O'Brien seeks pension solution
(Published by the Daily Gleaner, September 30/10; Heather McLaughlin)
(Fund down/Workers want to pay extra money instead of losing indexing option in their pension funds"

Finance and administration committee chairman Coun. Mike O'Brien says he's putting on his thinking cap to figure out how to follow up with city workers as they seek to retain indexing of their pension plan.

City hall was jammed with workers - who spilled out into Phoenix Square because there wasn't room in the public gallery of the council chamber at Tuesday's meeting - in a show of opposition to a council resolution to remove the benefit. They received a minimum two-week reprieve on a proposal to de-index all contributions to their pension fund after Jan. 1.

"They did a good job," O'Brien said of the presentation made by city employees, who also brought in their actuarial professional to offer ideas.
The city wants to de-index their pensions - which are adjusted annually to two-thirds of the increase in the cost of living - because of revenue shortfalls in the $175-million pension fund.

In mid-2007, financial markets suffered their worst downturn since the stock market crash of 1929. That's left the pension fund in a $39.4-million deficit position.

O'Brien said in order to restore the pension account to balance over the next 15 years, the city and its employees would have to substantially increase the level of their payments into the fund.

Each party would have to contribute $335,000 in year one, then $680,000 each in year two and $905,000 each in years three through to 15. O'Brien said the total is approximately $13 million each for the employees and the taxpayers. That's a lot of cash for both parties and O'Brien said it would leave city workers paying the highest pension contribution rates in Eastern Canada.

But employees say they want to contribute the money to keep the indexing. Kathy Edwards said the workers feel strongly that without indexing, their pensions will erode over 20 years and the majority of the 753 contributors to the fund aren't in the top earning percentile.

The bulk of city workers are earning $47,500 annually. After 25 years of service, that results in a pension of $22,875, according to figures generated by the employees.

O'Brien said the motion that council approved Tuesday night is a notice of motion. In two weeks time, Coun. Marilyn Kerton will have to introduce a new motion that won't go to first and second reading for another two weeks.

That allows about a month for the city and its workers to talk. Kerton has already stated that she concurs with the recommendation of the city's superannuation board, which suggested that the city and workers each contribute an additional 1.5 per cent of salary in the 2011 budget year.

The performance of the pension fund could be reassessed at that time.
O'Brien said he's talking to city hall staff to clarify the process and timelines, but it's his feeling, since he's also the chairman of the city's superannuation board, that the board should weigh more options.

The finance chairman said he has asked staff to prepare a report for him on the information provided by the employees and render some opinions on the information submitted.

"There was nothing agreed to last night on a process, but obviously the super board is the group that represents the employees and the employer, so obviously we should go back through the super board and look for some more direction on how to proceed," O'Brien said.
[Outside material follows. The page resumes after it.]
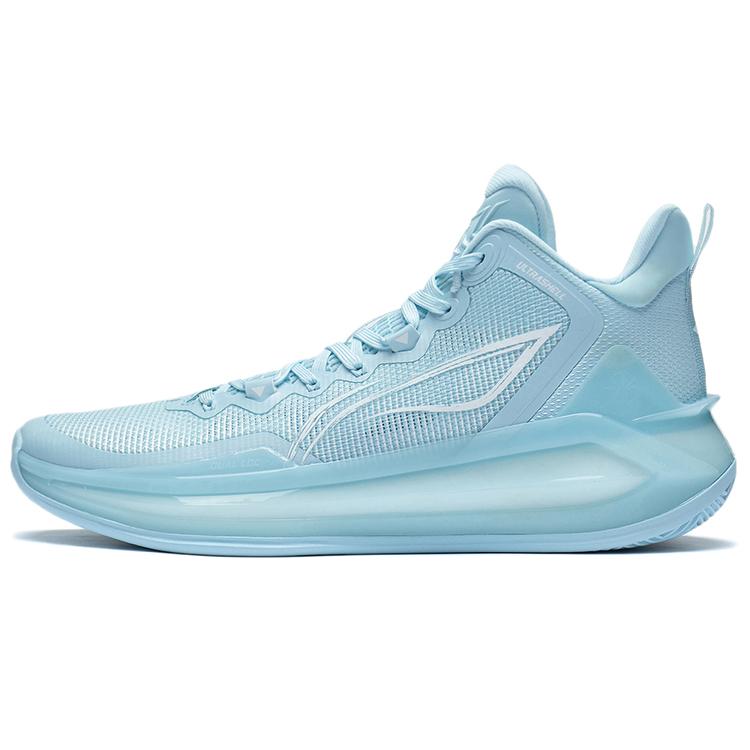 New LiNing Liren 3 Lakes Cushioning Anti Slip And Wear Resistant Mid Top Basketball Shoes Light Blue ABAS089-4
"We were pleased that our voices were heard and we hope that we can come up with some acceptable solution that will satisfy both parties in the coming weeks," O'Brien said.
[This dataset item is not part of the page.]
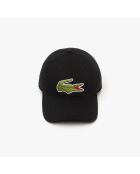 Gorra negra ajustable de sarga de algodón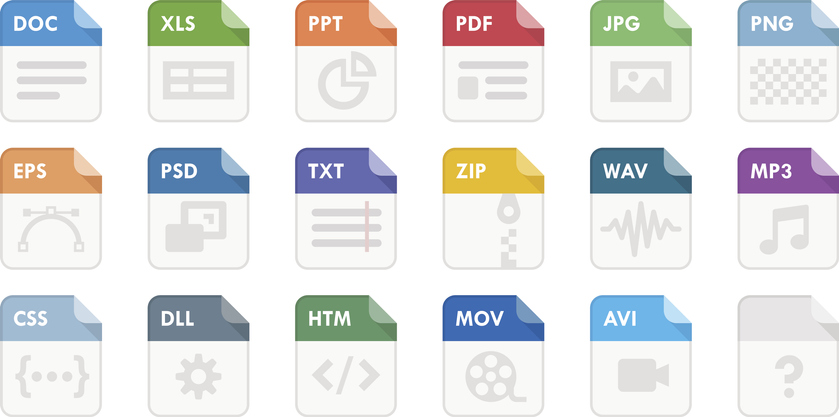 illustration of different image file types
"A long-term solution within a month is likely impossible, but if we can address the current budget situation to the mutual satisfaction of both sides, then we can focus on long-term solutions in 2011.''

O'Brien wasn't surprised at the employee response given how most people view their pensions. "I wasn't surprised by the turn out," he said. "I was very impressed with the calmness and professionalism with which they presented ... I'd like to compliment them on that."

O'Brien had suggested that employees could set aside extra funds toward retirement through RRSP contributions, but Edwards said not all employees have room to do that because they have maxed out their retirement contributions through their group plan.

Some employees are paying between $400 and $500 a month toward their pensions. "We pay a lot for that pension; it's not a gift," Edwards said. "We're not asking for any additional taxpayer money to be drawn out in blood."